The following article was published by Reidar Visser, an historian of Iraq educated at the University of Oxford and currently based at the Norwegian Institute of International Affairs. It is reproduced here with the author’s permission. The opinions expressed are those of the author, and do not necessarily reflect the views of Iraq Business News.
The decision by the Iraqi parliament on 18 April to cancel a clause of an old law dating from 1971 has led to a public debate about presidential prerogatives that reveals just how immature and shaky Iraq’s post-2003 system of government is.
The core of the matter relates to the cancellation by parliament of clause 136b in the Baath-era law on the organisation of the courts from 1971 that offered civil servants a degree of of immunity from prosecution in matters related to government service.
The measure had been promptly removed by Paul Bremer in 2003 but was reintroduced during the time of Ayad Allawi’s interim government in 2004. In removing the clause, Iraqi parliamentarians made reference to the ways in which it had enabled government officials to protect themselves against accusations of corruption.
The substantive issues at hand could merit a separate discussion. However, in terms of constitutional implications, it is the reactions to the passage of this act of legislation that are most important as indicators of the maturity or otherwise of Iraq’s post-2003 political system. It has been revealed that after the law was passed on 18 April, a letter was sent on 26 April from the Iraqi government to the Iraqi president, Jalal Talabani, asking him to take “the necessary constitutional measures to oppose the parliamentary decision to annul clause 136b”.
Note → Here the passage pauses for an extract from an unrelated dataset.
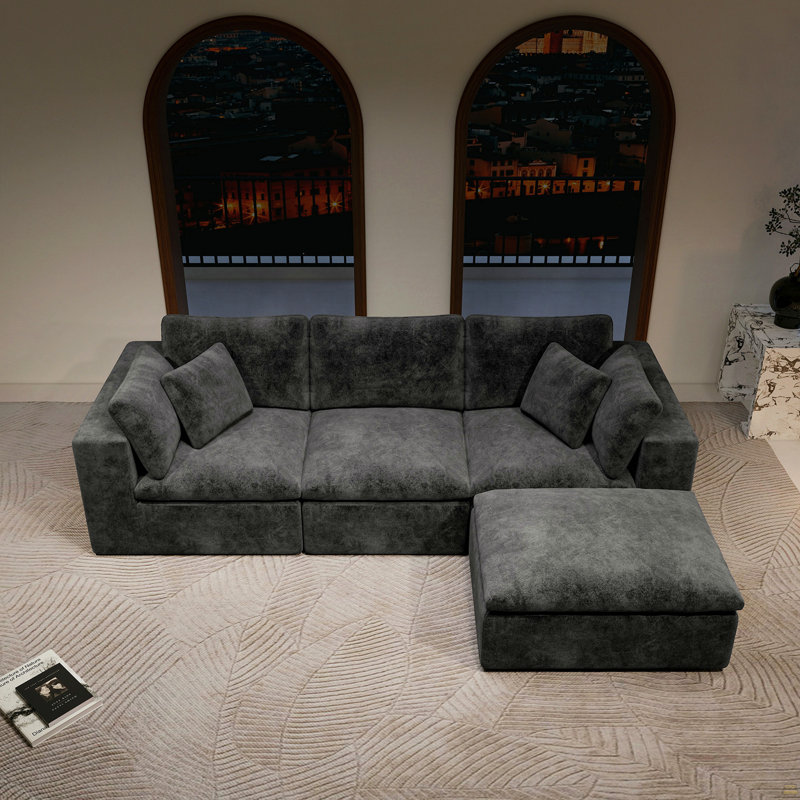 108.3*68.9"Modular Sectional Sofa Seat,Upholstered Compressed Couch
The problem, of course, is that no such “constitutional measures” exist! After the transitional presidency council was abolished in November 2010, the (ordinary) president no longer has any specified veto power since laws issued by parliament automatically come into force after 15 days whether the president opts to formally sign them or not. Had a presidential veto power in fact existed there would have been no need to specify one in the final transitional clauses of the constitution which created the temporary presidency council for the 2005-2010 period. Also, it would not have been logical for the Kurds to seek an extension of the collective presidency council (this was one of their 19 demands for joining the second Maliki government) if in fact the presidency alredy enjoyed veto power, since everyone expected that Talabani would become president anyway at the time when they presented their demands.